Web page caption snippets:
======

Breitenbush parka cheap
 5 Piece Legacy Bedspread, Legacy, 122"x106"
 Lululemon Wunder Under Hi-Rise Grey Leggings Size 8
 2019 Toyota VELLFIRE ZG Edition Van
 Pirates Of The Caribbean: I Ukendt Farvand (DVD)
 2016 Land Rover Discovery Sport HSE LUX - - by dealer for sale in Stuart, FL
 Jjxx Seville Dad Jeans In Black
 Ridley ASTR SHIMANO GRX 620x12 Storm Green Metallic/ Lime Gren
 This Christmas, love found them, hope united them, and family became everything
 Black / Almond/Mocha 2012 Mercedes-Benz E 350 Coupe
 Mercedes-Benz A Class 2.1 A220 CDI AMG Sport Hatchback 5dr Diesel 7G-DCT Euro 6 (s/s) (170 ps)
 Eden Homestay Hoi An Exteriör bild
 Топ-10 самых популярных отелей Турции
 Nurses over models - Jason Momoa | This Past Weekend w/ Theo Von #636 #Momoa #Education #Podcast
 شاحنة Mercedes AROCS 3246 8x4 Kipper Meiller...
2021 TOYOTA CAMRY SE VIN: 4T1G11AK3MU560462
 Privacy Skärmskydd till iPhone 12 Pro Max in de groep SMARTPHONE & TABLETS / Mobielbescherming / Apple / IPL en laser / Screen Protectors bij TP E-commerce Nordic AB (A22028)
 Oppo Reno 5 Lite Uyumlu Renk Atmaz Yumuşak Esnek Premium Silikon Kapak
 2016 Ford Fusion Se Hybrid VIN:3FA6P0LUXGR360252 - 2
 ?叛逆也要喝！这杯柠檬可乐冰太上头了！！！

======

**What to work on**: Every line that holds the word "Benz" should be copied from the records.

**Written solution**:
 Black / Almond/Mocha 2012 Mercedes-Benz E 350 Coupe
 Mercedes-Benz A Class 2.1 A220 CDI AMG Sport Hatchback 5dr Diesel 7G-DCT Euro 6 (s/s) (170 ps)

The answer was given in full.